**Brief**
Your task is to repeat the entries underneath exactly, minus the pictures.

**Records provided**
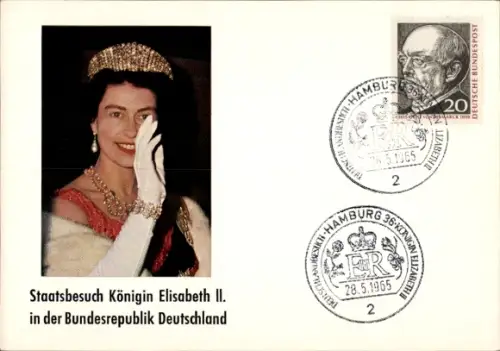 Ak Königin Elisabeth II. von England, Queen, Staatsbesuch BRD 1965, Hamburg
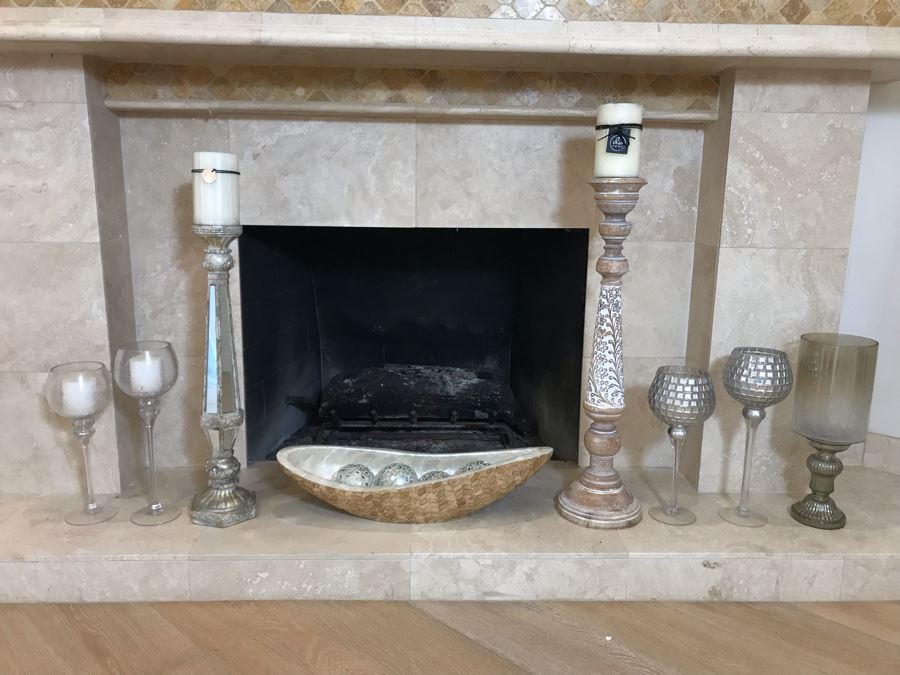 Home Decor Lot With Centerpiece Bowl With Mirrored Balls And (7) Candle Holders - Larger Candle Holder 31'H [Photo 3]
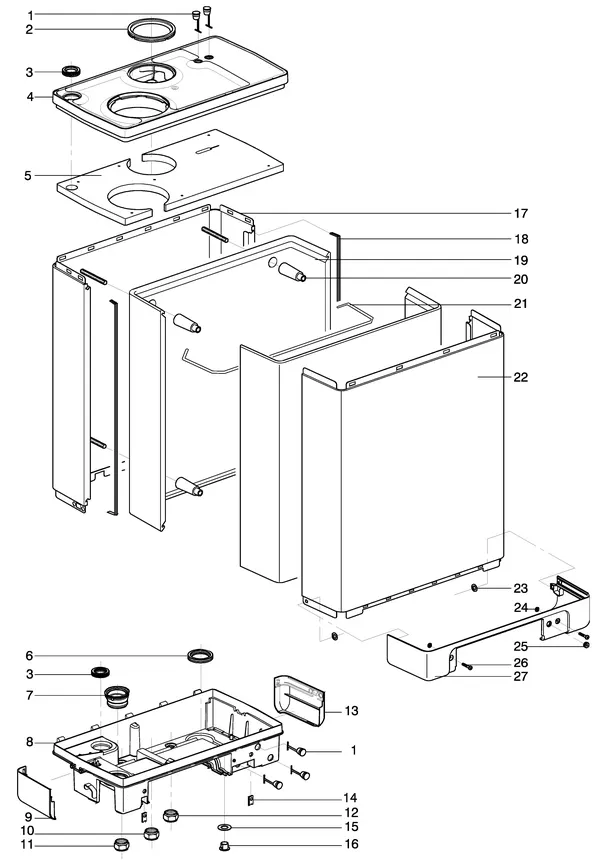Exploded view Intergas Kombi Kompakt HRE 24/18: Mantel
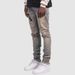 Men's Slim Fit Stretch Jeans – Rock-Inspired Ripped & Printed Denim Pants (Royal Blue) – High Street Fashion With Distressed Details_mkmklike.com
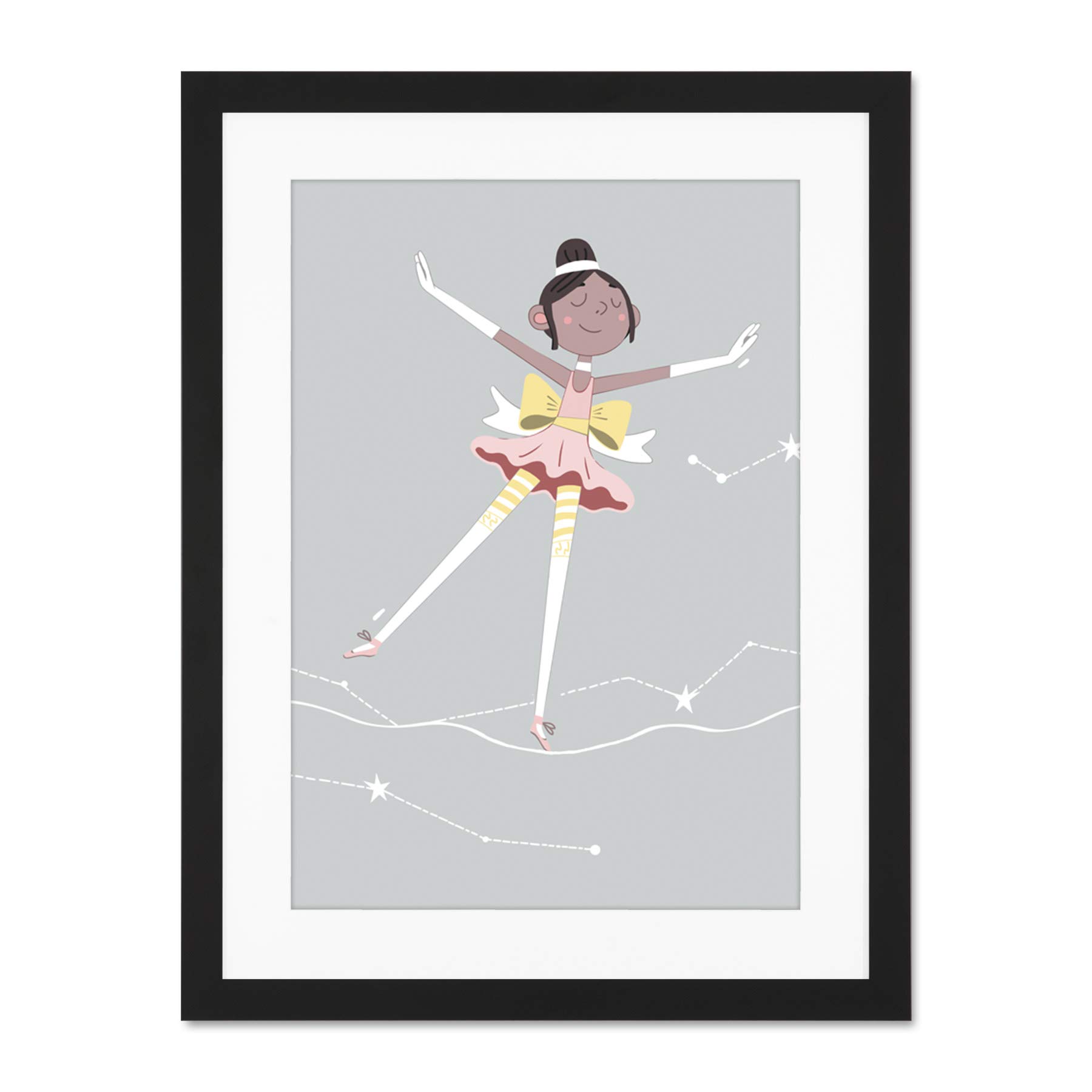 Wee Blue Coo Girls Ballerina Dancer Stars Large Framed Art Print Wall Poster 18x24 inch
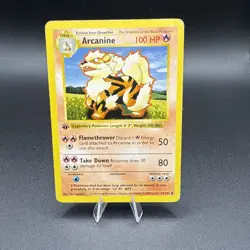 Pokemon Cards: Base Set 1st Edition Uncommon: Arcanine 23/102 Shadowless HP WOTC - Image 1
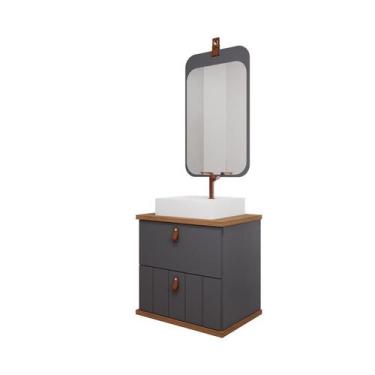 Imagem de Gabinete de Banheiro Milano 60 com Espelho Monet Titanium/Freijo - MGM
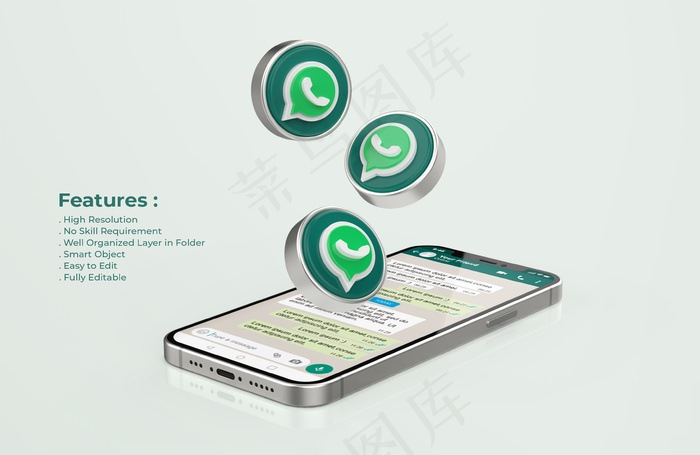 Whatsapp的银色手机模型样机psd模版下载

**Task response**
 Ak Königin Elisabeth II. von England, Queen, Staatsbesuch BRD 1965, Hamburg
 Home Decor Lot With Centerpiece Bowl With Mirrored Balls And (7) Candle Holders - Larger Candle Holder 31'H [Photo 3]
Exploded view Intergas Kombi Kompakt HRE 24/18: Mantel
 Men's Slim Fit Stretch Jeans – Rock-Inspired Ripped & Printed Denim Pants (Royal Blue) – High Street Fashion With Distressed Details_mkmklike.com
 Wee Blue Coo Girls Ballerina Dancer Stars Large Framed Art Print Wall Poster 18x24 inch
 Pokemon Cards: Base Set 1st Edition Uncommon: Arcanine 23/102 Shadowless HP WOTC - Image 1
 Imagem de Gabinete de Banheiro Milano 60 com Espelho Monet Titanium/Freijo - MGM
 Whatsapp的银色手机模型样机psd模版下载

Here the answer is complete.